外国産の木材を安値で入手できるようになった今日、木頭杉の需要は減少の一途をたどり、成長し過ぎて伐採の充実期を迎えた杉が、山肌へ入る日光を遮り、土壌が保水性を失い、各地で土砂崩れや倒木が発生しているのです。一度倒木が起きると、木々が複雑に絡み合っているため整備することが非常に難しくなり、放置するしかなくなるそうです。そうやって川に流れ込んだ土砂や木が川床を押し上げ、台風や大雨のときに下流の家屋を浸水させるなどの水害が毎年にように起こっていると、松本さんは悲しそうに話します。
この木頭杉をこのまま地域の負債にするのではなく、有効活用しながら山を未来に残せる形にするために立ち上げられたプロジェクトのひとつが「五稜箸」だったのです。那賀町には木頭を含む5つの地域があります。五稜箸の「稜」という字は、見慣れない字ですが、山の稜線(りょうせん)や、ものの角という意味があります。五稜箸の頭の部分は5角形の形で、「5つの地域を角、稜線に見立て、共通の地域資源を使って進行していく」という想いが込められています。
WOODHEADのお箸づくり
木頭の美しい川の流れを臨むWOODHEADの工場で作られる五稜箸。この建物の屋上で乾燥させた杉の芯材を加工してお箸が作られます。専用のお箸の製造機を通ったお箸は、一本一本強度を確かめられ、手に馴染むようにやすりをかけられます。取材している途中でもけっこうな頻度で折れていたので、お箸に使える芯材の希少さが伺えました。
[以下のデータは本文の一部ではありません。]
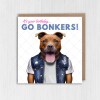 It's your birthday, go bonkers Staffy Staffordshire Bull Terrier dog, pet cute, funny birthday card (Animalyser) Size A6/A5/A4/Square - A6: Single card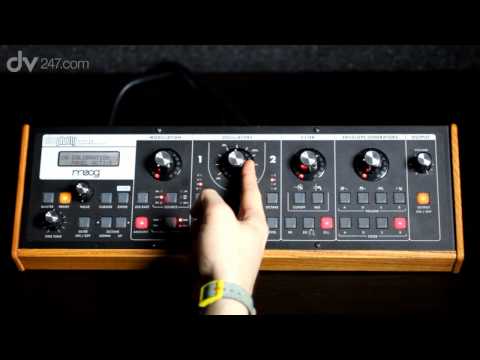 Moog Slim Phatty 2010s - Black image 10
松本さんを含むWOODHEADのメンバーは、家庭でも五稜箸を使われているそうです。
「五角形の五稜箸の形は手になじみ、豆腐やお米、野菜、肉などあらゆる料理を同じ力で掴むことができます。脳梗塞で使うことが出来なくなっていたお箸を使うことができるようになったと言う方もいらっしゃいます。また、杉の香りがとても心地よく、家での食事が楽しくなり外食が少なくなったという声もいただき、嬉しく思っています」と嬉しそうに語ります。
杉の芯材は、その豊富な油分と高い抗菌性のおかげで、洗剤やスポンジを使わなくても、使ったあとすぐに水でよく洗ってタオルかウェスで水気を拭き取ると、繰り返しいつまでも使うことができます。五稜箸を使い始めてから、食事のあとすぐに洗いものにいこうとするモチベーションに繋がるので、ある意味便利な機能のひとつです(笑)
山の未来について
五稜箸を含む様々な活動を通し、杉の有効活用を行い、その先にある「未来に残すべき山」の形はどのようなものなのか。その答えは、木頭の八幡神社と小・中学校が並ぶ山の上にあります。八幡神社にある大きな杉の傍ら。学校の校庭に植えられた小さな木。それらは、WOODHEADや地域の内外の人々が保全し、植林を行っている山桜です。
山桜と杉、元の木々が共存する山に
山桜は、木頭杉が植えられる前に木頭の山々にたくさん自生していた日本古来の桜で、花と葉が同時に出るのが特徴です。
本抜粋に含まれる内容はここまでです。